Pork in Sweet Soy Sauce (Be Celeng Base Manis)

Name: Silvia Maulini*
Class Year: 1980
Country of Residence: The Netherlands

* Silvia is one of this competition’s judges, so this recipe will not be considered – it’s simply delicious, and needs to be shared!

Why is this recipe great? What’s its backstory? 

For the past decade I have been spending a month a year on the wonderful island of Bali, in Indonesia.  Local food is absolutely amazing and after following a few cooking classes there and buying several cookbooks I started experimenting at home. The house smells wonderful when I cook Indonesian and I feel I am back in Bali, at least for a few hours. This recipe is easy and very satisfying. I tasted this stew for the first time at “Bumbu Bali”, a fantastic restaurant owned by Swiss chef Heinz van Holzen, who has been living on the island for four decades and who is considered a master of Balinese cuisine. 

We cooked this stew during one of our alumnae cooking workshops in the Netherlands two years ago and we served it with some steamed white rice and a some Atjar Tjampoer (see recipe from Georgia Regnault ’64 in this blog)  Delicious!

Pork in Sweet Soy Sauce (Be Celeng Base Manis)
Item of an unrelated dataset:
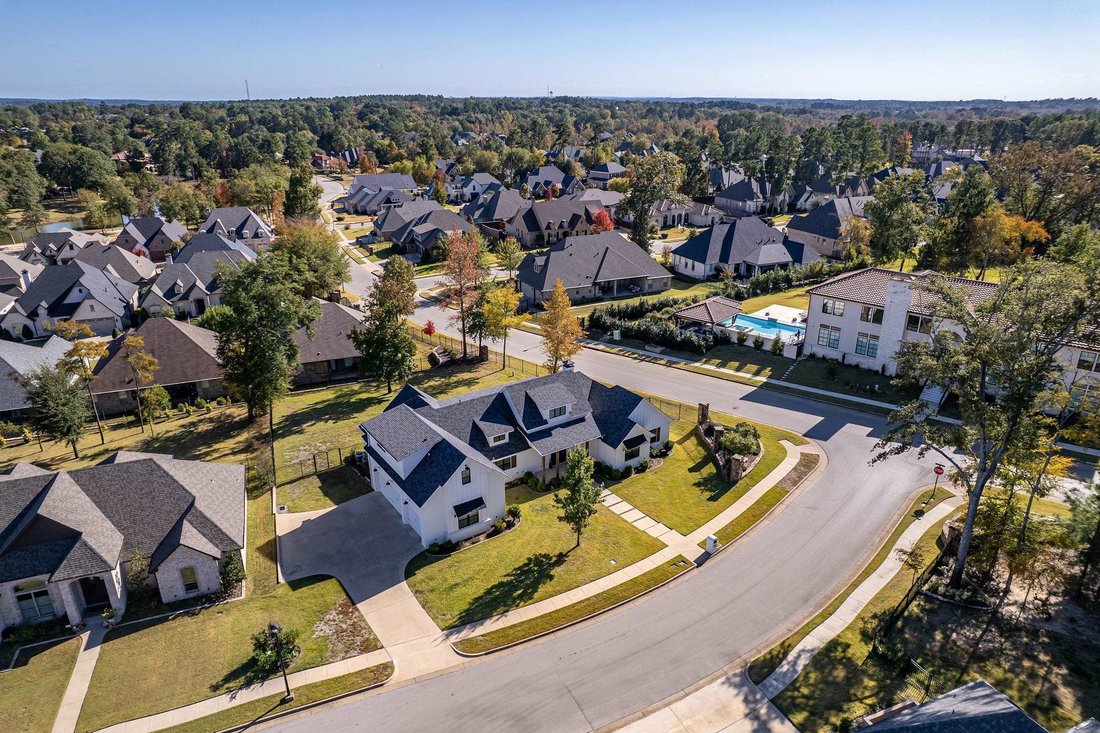 House in Tyler, Texas, United States 1 - 18162828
Serves 4-6 portions. Takes approx. 1.5 hours.


  • 2 Tbsp   Coconut oil
  • 70 g       Shallots (peeled and sliced)
  • 40 g       Garlic (peeled and sliced)
  • 800 g     Pork shoulder or neck (cut in 2 cm cubes)
  • 50 g       Ginger (peeled and sliced)
  • 4 Tbsp   Sweet soy sauce (ketjap manis)
  • 2 Tbsp  Light soy sauce
  • 2-3         Peppercorns (crushed)
  • 1 liter    Chicken stock (ca.)
  • 6-10       Large red chilies (whole or halved if very large)


Heat the coconut oil in a heavy saucepan. Add shallots and garlic and sauté for 2 minutes over medium heat or until lightly colored.  Add pork and ginger and continue to sauté for 2 more minutes over medium heat. Add sweet and light soy sauces and pepper. Continue to sauté for 1 more minute.

Pour in half of the chicken stock, add chilies and simmer for approximately 1 hour. Gradually add more stock, as liquid evaporates. Keep the liquid to an absolute minimum and do not cover the saucepan during the cooking process. This will guarantee a lovely dark brown stew, with a shiny sauce.

Serve the stew with steamed white rice and a spoonful of Atjar Tjampoer.